Adrian, or Hadrian I, (d. December 25, 795) was pope from 772 to 795. He was the son of Theodore, a Roman nobleman.
Soon after his accession, the territory ruled by the popes was invaded by Desiderius, king of the Lombards, and Adrian found it necessary to invoke the aid of the Frankish king Charlemagne, who entered Italy with a large army, besieged Desiderius in his capital of Pavia, took that town, banished the Lombard king to Corbie in France and, in an innovative gesture, took the title 'King of the Lombards' himself. The pope, whose expectations had been aroused, had to content himself with some additions to the duchy of Rome, and to the Exarchate of Ravenna, and the Pentapolis in the Marches, which consisted of the "five cities" on Adriatic coast from Rimini to Ancona with the coastal plain as far as the mountains.

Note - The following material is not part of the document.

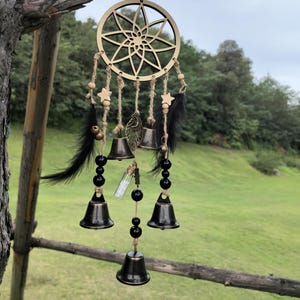 Hängende Glocken für Tür, Hexenglocken für Türknauf, Hexenglocken, Windspiel, Wicca Dekorationen, Altardekoration, Gartengeschenke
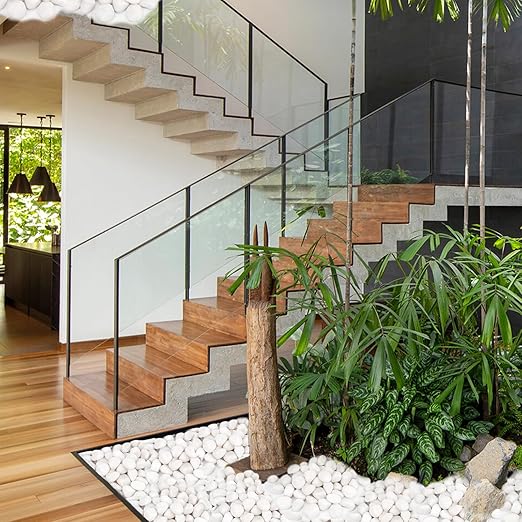 15 lbs White Rocks for Landscaping, 1-2 inch Large White Rocks for Plants, Decorative Polished Stones for Garden, Walkways, Yard, Plants Pots, Vases, Crafts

In his contest with the Eastern Roman Empire and the Lombard dukes of Benevento, Adrian remained faithful to the Frankish alliance, and the friendly relations between pope and king were not disturbed by the difference which arose between them on the question of the veneration of images, to which Charlemagne and the bishops in Francia were strongly opposed, while Adrian favoured the views of the Eastern Church, and approved the decree of the second council of Nicaea (787), confirming the practice and excommunicating the iconoclasts. It was in connection with this controversy that the Libri Carolini were written, to which Adrian replied by letter, anathematizing all who refused to venerate the images of Jesus Christ, or the Virgin Mary, or saints. Notwithstanding this, a synod, held at Frankfort in 794, anew condemned the practice, and the dispute remained unsettled at Adrian's death.